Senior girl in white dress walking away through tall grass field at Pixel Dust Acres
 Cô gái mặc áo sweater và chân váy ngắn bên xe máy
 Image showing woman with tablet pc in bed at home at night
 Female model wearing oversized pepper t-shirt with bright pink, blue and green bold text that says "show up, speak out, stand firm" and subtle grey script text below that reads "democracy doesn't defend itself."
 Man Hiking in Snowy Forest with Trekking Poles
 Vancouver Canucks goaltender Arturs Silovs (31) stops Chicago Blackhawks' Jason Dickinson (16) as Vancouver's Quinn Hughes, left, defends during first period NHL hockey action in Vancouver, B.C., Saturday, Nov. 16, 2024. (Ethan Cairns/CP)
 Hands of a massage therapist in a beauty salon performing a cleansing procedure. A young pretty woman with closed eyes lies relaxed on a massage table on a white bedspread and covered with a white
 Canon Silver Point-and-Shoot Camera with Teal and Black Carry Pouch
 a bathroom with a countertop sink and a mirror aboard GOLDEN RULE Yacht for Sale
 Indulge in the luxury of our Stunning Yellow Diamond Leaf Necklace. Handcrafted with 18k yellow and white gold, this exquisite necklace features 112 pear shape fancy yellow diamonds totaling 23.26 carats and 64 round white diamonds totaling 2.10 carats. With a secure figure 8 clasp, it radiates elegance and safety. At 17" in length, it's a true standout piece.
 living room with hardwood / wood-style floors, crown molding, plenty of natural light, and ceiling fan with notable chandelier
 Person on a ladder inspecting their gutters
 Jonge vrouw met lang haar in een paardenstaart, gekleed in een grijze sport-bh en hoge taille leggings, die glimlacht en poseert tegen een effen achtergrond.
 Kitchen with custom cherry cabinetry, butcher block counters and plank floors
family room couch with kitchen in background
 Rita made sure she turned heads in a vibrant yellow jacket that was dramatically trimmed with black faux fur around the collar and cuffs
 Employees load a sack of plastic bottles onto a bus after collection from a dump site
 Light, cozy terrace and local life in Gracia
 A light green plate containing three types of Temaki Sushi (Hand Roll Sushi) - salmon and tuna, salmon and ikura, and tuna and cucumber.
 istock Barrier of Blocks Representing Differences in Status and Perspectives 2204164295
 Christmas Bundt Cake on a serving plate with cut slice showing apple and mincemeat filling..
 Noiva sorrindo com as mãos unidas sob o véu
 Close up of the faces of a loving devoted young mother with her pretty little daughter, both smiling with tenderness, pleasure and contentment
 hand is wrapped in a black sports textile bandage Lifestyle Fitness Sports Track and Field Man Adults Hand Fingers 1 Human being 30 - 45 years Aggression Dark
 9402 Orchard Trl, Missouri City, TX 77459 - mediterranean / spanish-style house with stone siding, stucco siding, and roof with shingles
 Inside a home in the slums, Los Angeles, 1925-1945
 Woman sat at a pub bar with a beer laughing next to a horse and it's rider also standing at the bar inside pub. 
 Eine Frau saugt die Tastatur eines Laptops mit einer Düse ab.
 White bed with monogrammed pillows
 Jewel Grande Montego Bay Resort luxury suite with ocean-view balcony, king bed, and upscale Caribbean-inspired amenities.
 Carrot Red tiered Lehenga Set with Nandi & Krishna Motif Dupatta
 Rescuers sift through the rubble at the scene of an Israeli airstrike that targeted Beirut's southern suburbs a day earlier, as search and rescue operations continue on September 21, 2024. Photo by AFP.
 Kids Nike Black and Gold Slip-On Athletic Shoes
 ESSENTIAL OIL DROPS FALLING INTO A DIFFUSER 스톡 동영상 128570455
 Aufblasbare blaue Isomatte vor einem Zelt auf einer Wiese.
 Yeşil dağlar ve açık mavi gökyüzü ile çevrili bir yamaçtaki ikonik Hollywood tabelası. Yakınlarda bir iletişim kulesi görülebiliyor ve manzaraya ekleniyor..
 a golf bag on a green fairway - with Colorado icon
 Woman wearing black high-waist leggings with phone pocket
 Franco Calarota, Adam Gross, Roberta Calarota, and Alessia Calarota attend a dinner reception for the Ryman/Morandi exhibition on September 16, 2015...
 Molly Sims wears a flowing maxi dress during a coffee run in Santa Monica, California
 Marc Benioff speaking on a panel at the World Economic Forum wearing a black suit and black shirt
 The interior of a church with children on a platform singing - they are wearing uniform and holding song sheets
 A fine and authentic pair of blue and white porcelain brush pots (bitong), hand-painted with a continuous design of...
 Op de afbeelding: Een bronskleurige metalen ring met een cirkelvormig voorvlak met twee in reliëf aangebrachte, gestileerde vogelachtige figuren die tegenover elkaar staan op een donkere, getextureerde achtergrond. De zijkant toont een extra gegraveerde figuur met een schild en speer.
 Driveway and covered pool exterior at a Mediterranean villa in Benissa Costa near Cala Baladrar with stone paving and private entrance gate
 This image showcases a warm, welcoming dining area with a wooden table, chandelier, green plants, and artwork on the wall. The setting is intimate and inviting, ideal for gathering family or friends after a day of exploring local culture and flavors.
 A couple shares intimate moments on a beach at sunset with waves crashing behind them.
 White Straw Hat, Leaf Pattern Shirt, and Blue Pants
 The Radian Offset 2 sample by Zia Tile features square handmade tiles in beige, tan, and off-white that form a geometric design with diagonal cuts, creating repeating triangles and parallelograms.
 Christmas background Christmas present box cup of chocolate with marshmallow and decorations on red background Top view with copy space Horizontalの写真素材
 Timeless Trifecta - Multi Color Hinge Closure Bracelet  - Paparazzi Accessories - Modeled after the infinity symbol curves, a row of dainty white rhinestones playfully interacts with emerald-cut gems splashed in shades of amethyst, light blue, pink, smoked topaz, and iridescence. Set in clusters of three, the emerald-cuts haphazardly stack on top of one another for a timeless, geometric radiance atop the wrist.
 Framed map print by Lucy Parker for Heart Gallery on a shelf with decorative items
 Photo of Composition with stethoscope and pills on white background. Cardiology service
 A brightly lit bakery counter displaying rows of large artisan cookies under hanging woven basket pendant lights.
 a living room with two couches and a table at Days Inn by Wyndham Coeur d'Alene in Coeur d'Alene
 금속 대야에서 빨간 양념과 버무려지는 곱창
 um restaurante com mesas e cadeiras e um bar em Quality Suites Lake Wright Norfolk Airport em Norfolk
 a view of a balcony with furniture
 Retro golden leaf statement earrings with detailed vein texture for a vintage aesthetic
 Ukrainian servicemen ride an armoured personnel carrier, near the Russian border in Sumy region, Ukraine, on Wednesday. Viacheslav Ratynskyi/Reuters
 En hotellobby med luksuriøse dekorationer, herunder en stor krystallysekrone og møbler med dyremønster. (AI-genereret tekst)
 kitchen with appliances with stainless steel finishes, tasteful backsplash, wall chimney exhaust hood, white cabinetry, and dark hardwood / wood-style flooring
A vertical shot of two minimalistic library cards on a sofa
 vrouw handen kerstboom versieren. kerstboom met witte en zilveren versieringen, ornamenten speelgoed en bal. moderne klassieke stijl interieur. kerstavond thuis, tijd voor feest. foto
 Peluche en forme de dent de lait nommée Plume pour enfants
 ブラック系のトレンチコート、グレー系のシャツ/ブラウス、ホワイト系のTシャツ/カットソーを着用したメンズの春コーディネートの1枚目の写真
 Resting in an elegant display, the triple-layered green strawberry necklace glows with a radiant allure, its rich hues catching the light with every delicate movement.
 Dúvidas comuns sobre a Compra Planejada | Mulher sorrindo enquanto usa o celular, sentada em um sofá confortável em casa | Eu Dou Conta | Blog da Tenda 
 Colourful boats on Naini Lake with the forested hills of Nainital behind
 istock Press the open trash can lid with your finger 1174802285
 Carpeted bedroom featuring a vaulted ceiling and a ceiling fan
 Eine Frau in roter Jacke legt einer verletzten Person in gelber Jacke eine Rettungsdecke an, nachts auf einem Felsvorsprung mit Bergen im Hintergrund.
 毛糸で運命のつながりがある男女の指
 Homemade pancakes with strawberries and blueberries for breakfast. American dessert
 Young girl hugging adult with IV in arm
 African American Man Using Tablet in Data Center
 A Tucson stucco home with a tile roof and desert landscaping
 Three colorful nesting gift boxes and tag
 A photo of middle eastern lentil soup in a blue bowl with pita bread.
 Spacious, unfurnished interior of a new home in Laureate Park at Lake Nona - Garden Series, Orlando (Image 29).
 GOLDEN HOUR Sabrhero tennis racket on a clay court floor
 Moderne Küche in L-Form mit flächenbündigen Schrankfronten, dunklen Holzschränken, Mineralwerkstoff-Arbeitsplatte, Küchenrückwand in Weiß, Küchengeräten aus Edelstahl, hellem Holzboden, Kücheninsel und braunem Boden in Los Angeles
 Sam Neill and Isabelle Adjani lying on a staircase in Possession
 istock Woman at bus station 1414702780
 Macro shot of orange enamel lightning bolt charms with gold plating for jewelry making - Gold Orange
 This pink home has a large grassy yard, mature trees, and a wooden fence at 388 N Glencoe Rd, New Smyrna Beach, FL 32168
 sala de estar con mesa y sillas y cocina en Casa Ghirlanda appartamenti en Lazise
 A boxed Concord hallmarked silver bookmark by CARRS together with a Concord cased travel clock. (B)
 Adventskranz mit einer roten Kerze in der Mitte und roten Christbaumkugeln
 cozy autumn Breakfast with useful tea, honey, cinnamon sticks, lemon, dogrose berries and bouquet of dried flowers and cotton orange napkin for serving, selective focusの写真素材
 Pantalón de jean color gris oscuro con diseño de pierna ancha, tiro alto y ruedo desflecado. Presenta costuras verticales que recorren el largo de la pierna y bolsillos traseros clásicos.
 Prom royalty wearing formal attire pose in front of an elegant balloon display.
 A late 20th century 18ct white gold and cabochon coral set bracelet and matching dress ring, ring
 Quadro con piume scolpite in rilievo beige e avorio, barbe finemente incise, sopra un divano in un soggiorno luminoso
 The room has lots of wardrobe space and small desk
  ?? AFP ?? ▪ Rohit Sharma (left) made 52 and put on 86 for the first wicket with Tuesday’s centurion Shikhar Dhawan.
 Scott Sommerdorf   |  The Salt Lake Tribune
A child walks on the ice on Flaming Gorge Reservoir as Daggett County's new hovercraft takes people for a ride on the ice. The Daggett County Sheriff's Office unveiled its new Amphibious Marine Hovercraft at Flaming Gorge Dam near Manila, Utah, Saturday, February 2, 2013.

### The problem
Please print, exactly and with nothing else, the lines from the first line of the entries through the line containing "Indulge in the".

### Response to this exercise
Senior girl in white dress walking away through tall grass field at Pixel Dust Acres
 Cô gái mặc áo sweater và chân váy ngắn bên xe máy
 Image showing woman with tablet pc in bed at home at night
 Female model wearing oversized pepper t-shirt with bright pink, blue and green bold text that says "show up, speak out, stand firm" and subtle grey script text below that reads "democracy doesn't defend itself."
 Man Hiking in Snowy Forest with Trekking Poles
 Vancouver Canucks goaltender Arturs Silovs (31) stops Chicago Blackhawks' Jason Dickinson (16) as Vancouver's Quinn Hughes, left, defends during first period NHL hockey action in Vancouver, B.C., Saturday, Nov. 16, 2024. (Ethan Cairns/CP)
 Hands of a massage therapist in a beauty salon performing a cleansing procedure. A young pretty woman with closed eyes lies relaxed on a massage table on a white bedspread and covered with a white
 Canon Silver Point-and-Shoot Camera with Teal and Black Carry Pouch
 a bathroom with a countertop sink and a mirror aboard GOLDEN RULE Yacht for Sale
 Indulge in the luxury of our Stunning Yellow Diamond Leaf Necklace. Handcrafted with 18k yellow and white gold, this exquisite necklace features 112 pear shape fancy yellow diamonds totaling 23.26 carats and 64 round white diamonds totaling 2.10 carats. With a secure figure 8 clasp, it radiates elegance and safety. At 17" in length, it's a true standout piece.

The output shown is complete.